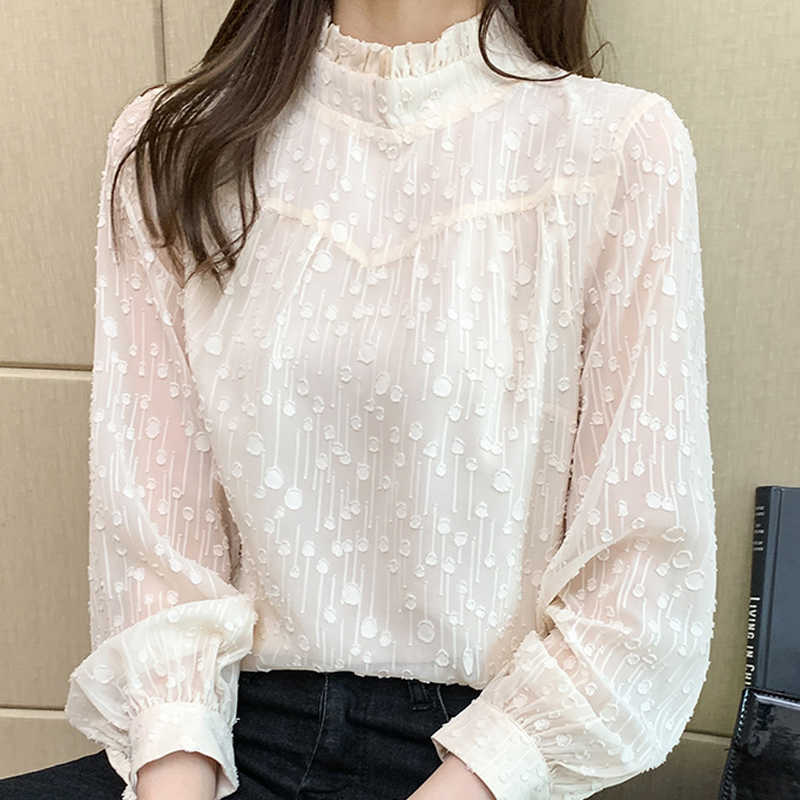 Long Sleeve Stand Collar Chiffon Blouse Shirt Women Tops Female Blouse Women Blusas Mujer De Moda Women Blouses Blusa E295 210602, Apricot
Long Sleeve Stand Collar Chiffon Blouse Shirt Women Tops Female Blouse Women Blusas Mujer De Moda Women Blouses Blusa E295 210602, Apricot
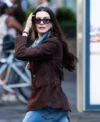 The Devil Wears Prada 2 Anne Hathaway Brown Blazer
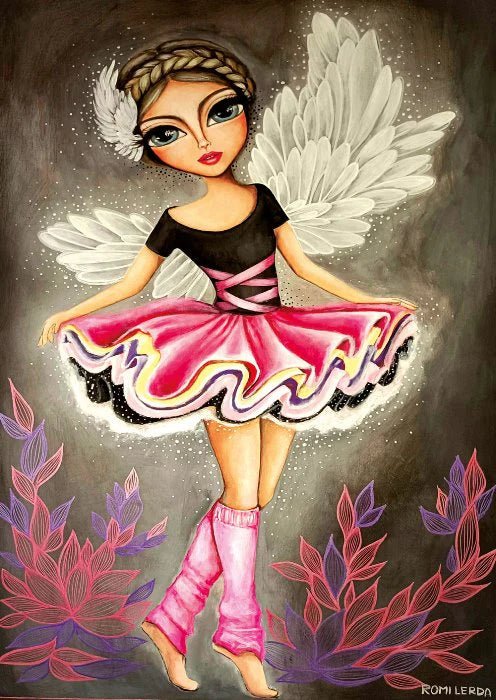 The Ballerina 1000 - Piece Jigsaw Puzzle by Magnolia - Magnolia - Jigsaw Puzzles - The Puzzle Center -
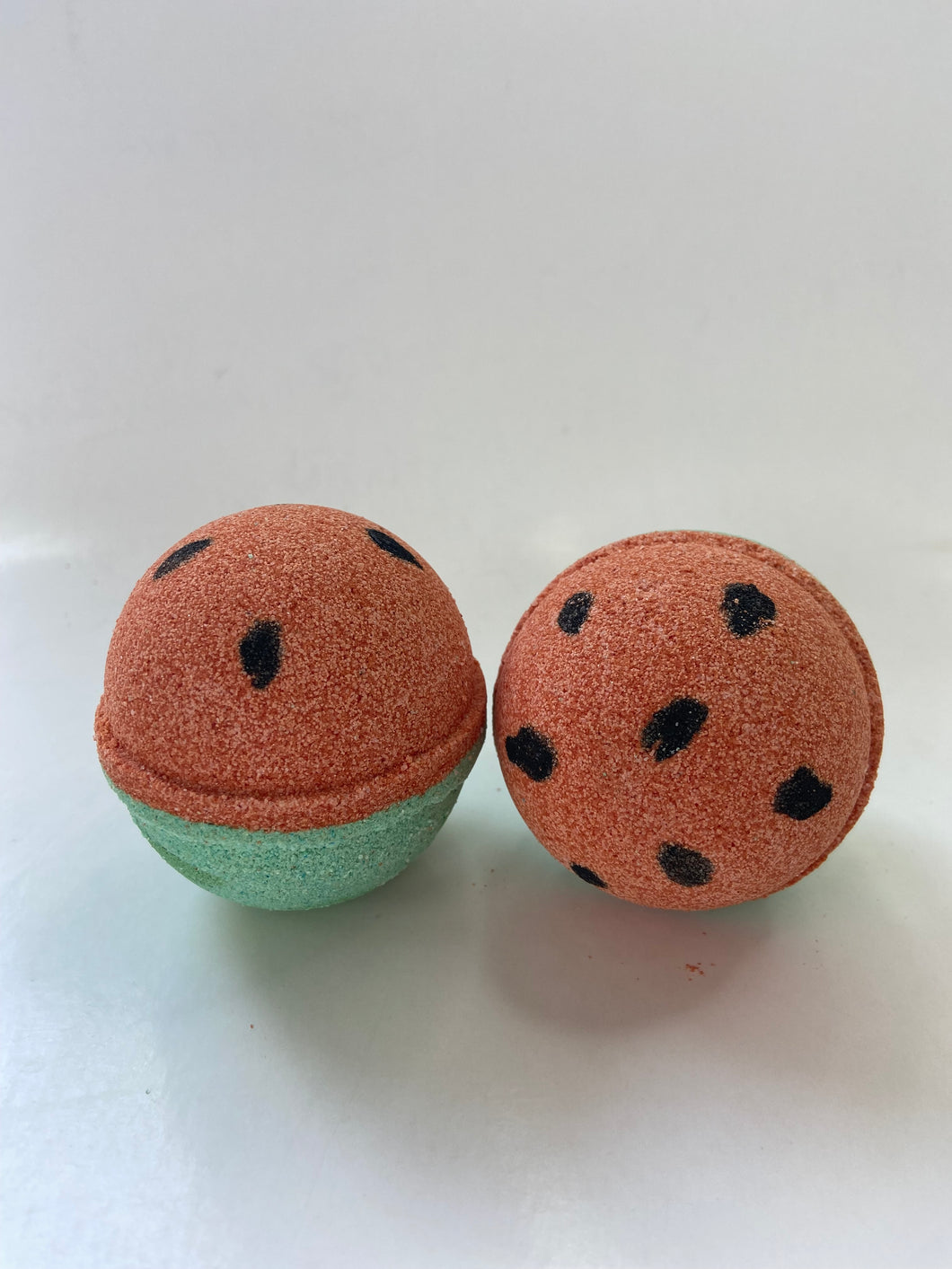 Watermelon Bath Bombs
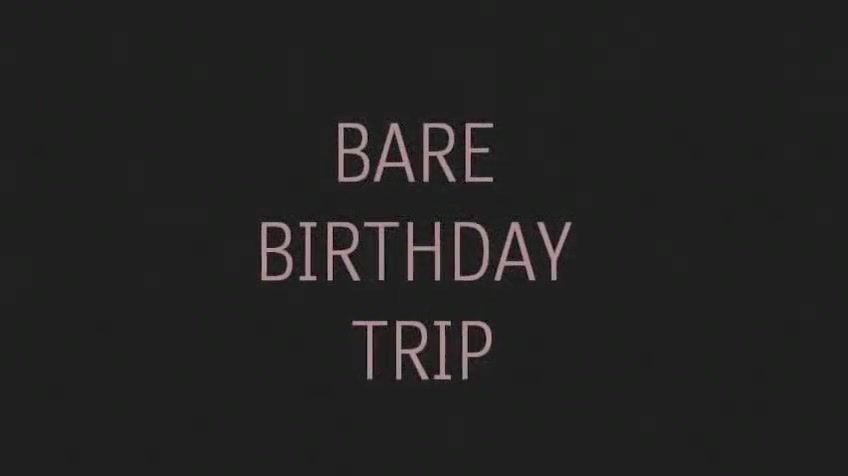 Desperate Arousingly Compelling Bare Birthday Holiday Close Up - 1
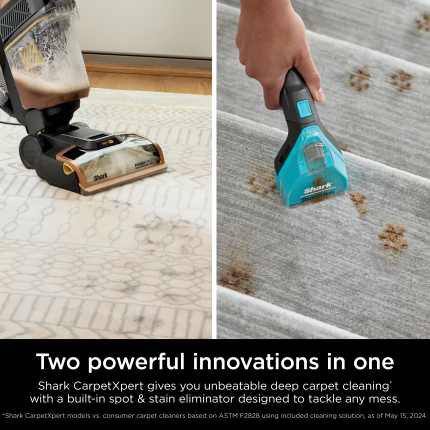 Shark® CarpetXpert™ HairPro® with StainStriker™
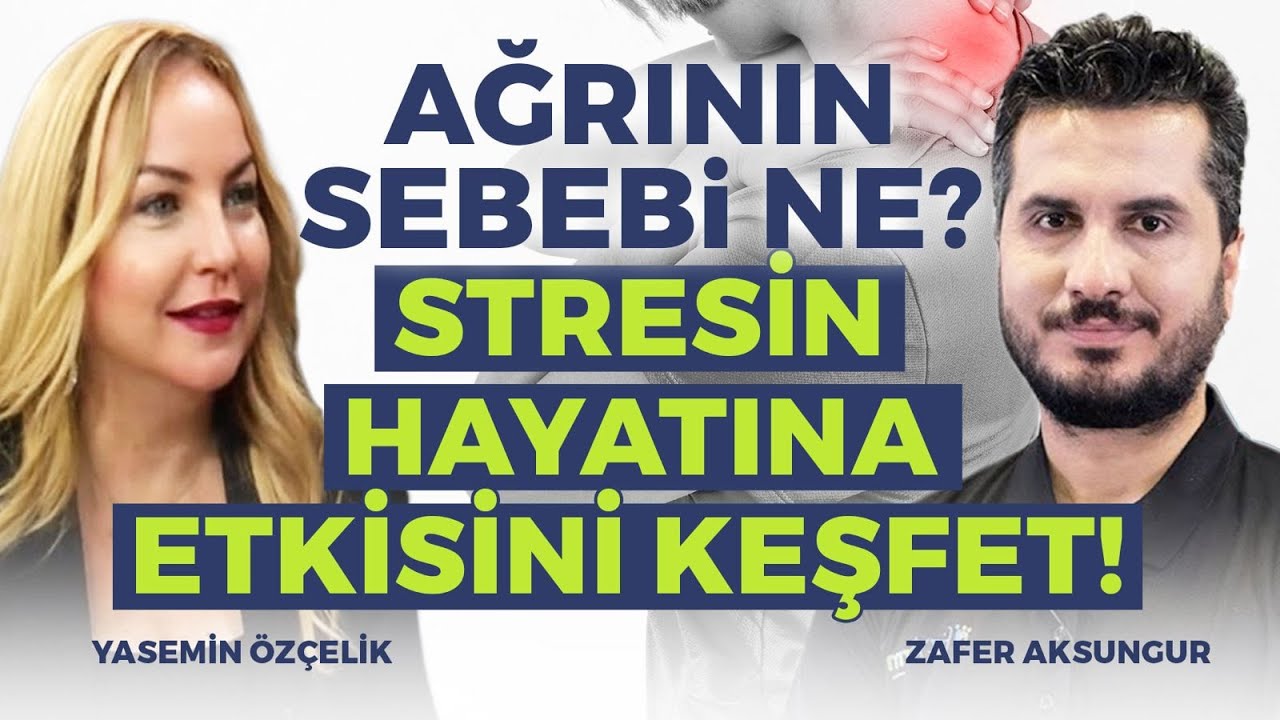 DİKKAT! Masaj Yaptırıyorsanız Bunlar Bilmelisiniz! Ağrının Sebebi Ne? Stresin Hayatına Etkisi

What you are asked to do:
Only the lines from the one containing "Desperate Arousingly Compelling" through the last line of the material are to be restated word for word; no picture is to be included.

Problem solution:
 Desperate Arousingly Compelling Bare Birthday Holiday Close Up - 1
 Shark® CarpetXpert™ HairPro® with StainStriker™
 DİKKAT! Masaj Yaptırıyorsanız Bunlar Bilmelisiniz! Ağrının Sebebi Ne? Stresin Hayatına Etkisi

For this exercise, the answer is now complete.